People Person: Rocco Mediate

Continued (page 2 of 3)

So you don't subscribe to the idea of turning over the golf ball like so many of the young power players. Why?
Nobody ever backed into it. Everybody who played great went to the target. In any sport, you go back to your right, and then the motion goes to your left. You never keep your head still throwing a baseball or hitting a tennis ball. And very few sports are done with narrow stances. You never see a tennis player receive a 120-mile-per-hour serve with his feet together. You have to be wide and ready to move. Hogan was wide and made a huge move to his right side. Jack was wide. Look at Trevino.

Rocco Mediate

Photo by J.D. Cuban


Speaking of Trevino, I heard you had a chance last May to hang out with him at his house in Dallas.
I learned so much. Best of all, he taught me how to move the ball left to right at will, which I'd never been able to do. And this is from one of the greatest to ever strike a golf ball. It's one of the reasons I won in San Jose. The shot I holed on 17 on Sunday was a flat, sliding wedge, so spending time with Lee was huge.

Aside from the cut shot, you and Lee are similar in personality, aren't you?
I'm always yakking, and my hands are moving. I have a lot of nervous energy, and I have to talk. I can't be quiet.

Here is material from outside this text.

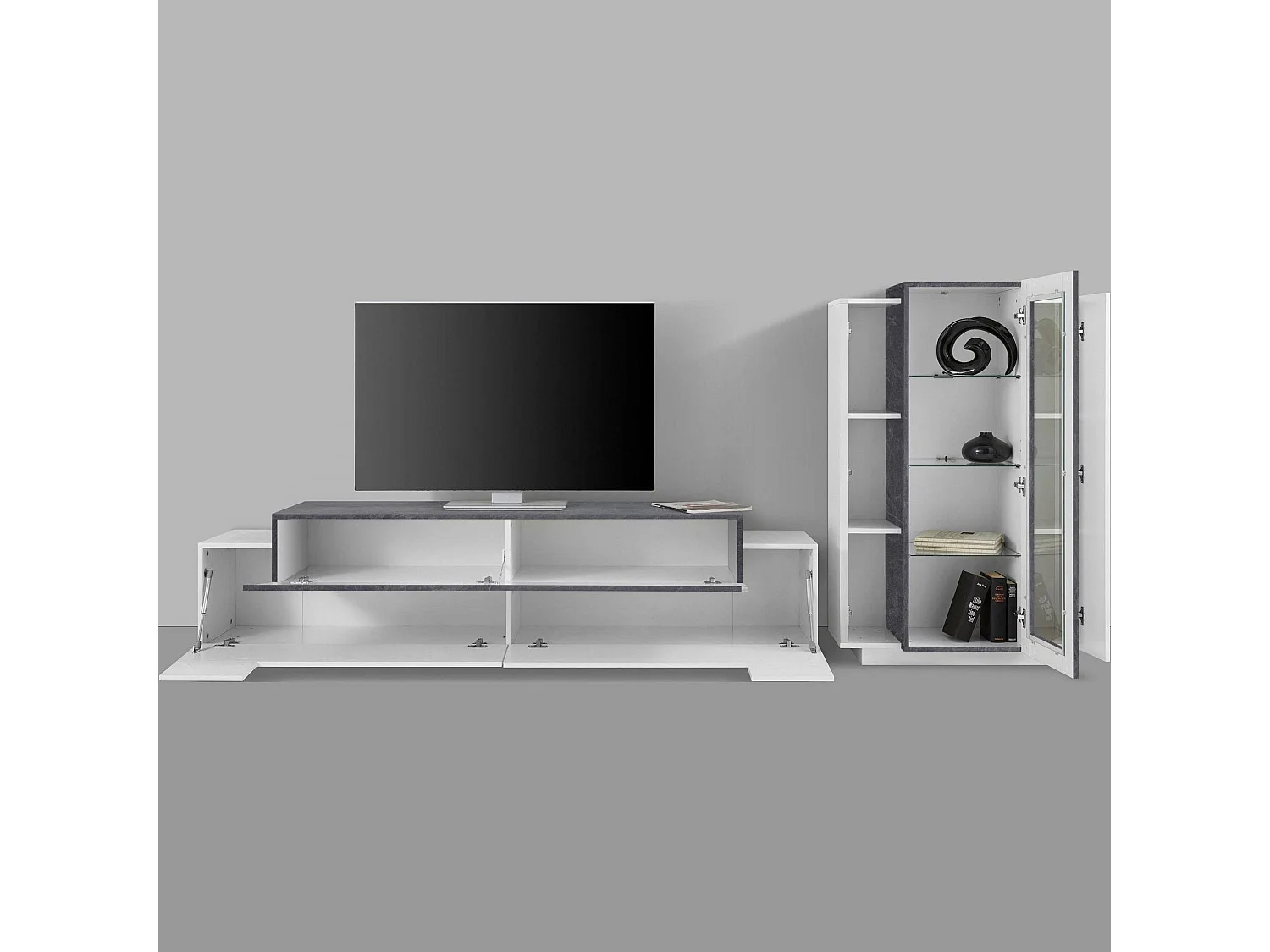 Système mural Mirko, ensemble de salon meuble TV, meuble de salon polyvalent, 100% Made in Italy, 280x45h121 cm, blanc brillant et ardoise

That's just not going to work for me.

On the personal front, how are things since your separation from your wife?
Over the last few years I've gotten us all settled down, and our three boys are doing great. My oldest is at UCLA and doing quite well. He's only five minutes from where I'm living, so that's great. I spend most of my time off the tour with the kids in Seattle or down here in L.A. I'm very pleased.

How's your weight these days?
Like a damn yo-yo. When I can't work out I'll gain weight; it's that simple. For the most part though, I've kept it off. I don't work out a lot on the road. I'll stretch and do abdominal work, but I like to play golf. When I get off the road, though, I get on the climber. It's my favorite machine ever. In terms of the swing, everything works from the ground up anyway, and I'm really strong there.

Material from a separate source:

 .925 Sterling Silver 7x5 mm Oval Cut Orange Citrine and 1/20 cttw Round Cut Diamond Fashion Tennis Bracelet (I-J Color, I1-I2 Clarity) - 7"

One thing I always liked about you is that you hitch your slacks up a little higher than most guys. It's old school.
It's definitely old school. I don't have the body to wear them any other way. When I first came out I'd been wearing wrinkled, baggy cotton pants, and Tom Weiskopf asked me, "Do you think people come to a golf tournament and want to see you dress like a bum? They don't want to see you in a $10 pair of pants." He got me in touch with a guy, and ever since that week I've gotten my pants made for me. Even my shoes are custom-made.

What's your impression of this wave of really talented young players?
It's amazing how much better they are at so young an age. When I first came on tour in the '80s, I remember walking up and down the practice tee at Pebble and watching Nicklaus, Watson and Norman. I called Rick Smith and said, "Rick, I got no chance." Before I hit a ball I knew if I didn't improve I'd be done. Now these kids are ready right away.

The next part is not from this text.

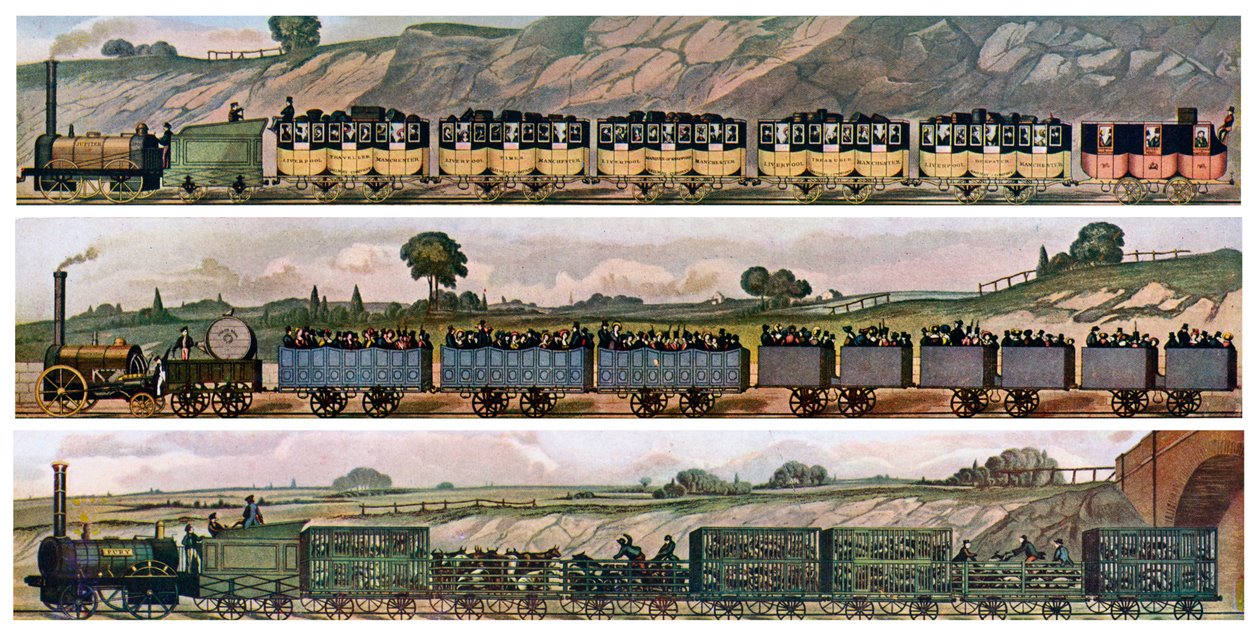 Erken demiryolu Antrenörleri, Liverpool ve Manchester Demiryolu, İngiltere, 1831, c1900-1920 by Unbekannt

If you had to buy stock in one young player, which one would you choose, and why?
I'd buy [Rickie] Fowler's stock. He has all the shots. Plus, he's really respectful in a sport where you could be whatever you want to be. He's a good kid. Dustin [Johnson] is the same way. The fact that he won after the two majors is remarkable. They both have big things coming. They're good guys.

Fans view you the same way. What's your approach in that regard?
The only thing I do better than the average guy is play golf--some of the time! Arnold taught me a lot about how to act. Look people in the eye. And that's what these kids do. Look, it's easy to be cool to everybody when you shoot 65, but can you do it when you shoot 75? Young fans look up to us, and even if it's not natural to interact, at least pretend. Whether it's saying to a fan, "How ya' doing?" or throwing them a golf ball, you have to try to give back a little.

In terms of competing, do you still like your chances better than those of the youngsters?
The kids are still on a learning curve. To win tournaments you have to know yourself and what works under the gun. I know what works under the gun. I still think I have more in me.

Back to Tiger: Have you ever sat down with him to reminisce about the '08 Open?
He's always cordial on the putting greens, but I've always wanted to sit down, have a scotch and kind of b.s. with him like two buddies.

We never have, and it's kind of sad. It might've been another day for him considering he's won so many majors, but it was special for me. I do remember the ceremony, and he said, "You've got one of these in you, Roc." That was kind of cool. And Notah Begay told me that Tiger said, "I couldn't get rid of Roc; he just wouldn't go away." That was cool, too.